Task requirements:
Your job with the data below is to output exactly the lines from the one holding "Remember, there are" down to the one holding "If you have", both included, and no others.

Supplied data:
- Opening Delimiter -

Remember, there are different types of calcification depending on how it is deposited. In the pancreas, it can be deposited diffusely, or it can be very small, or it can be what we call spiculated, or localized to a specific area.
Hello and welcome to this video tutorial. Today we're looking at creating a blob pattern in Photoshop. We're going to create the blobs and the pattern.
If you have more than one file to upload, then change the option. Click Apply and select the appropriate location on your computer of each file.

- Closing Delimiter -
- Opening Delimiter -

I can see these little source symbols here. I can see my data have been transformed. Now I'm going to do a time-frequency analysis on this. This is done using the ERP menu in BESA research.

- Closing Delimiter -

Answer to the problem:
Remember, there are different types of calcification depending on how it is deposited. In the pancreas, it can be deposited diffusely, or it can be very small, or it can be what we call spiculated, or localized to a specific area.
Hello and welcome to this video tutorial. Today we're looking at creating a blob pattern in Photoshop. We're going to create the blobs and the pattern.
If you have more than one file to upload, then change the option. Click Apply and select the appropriate location on your computer of each file.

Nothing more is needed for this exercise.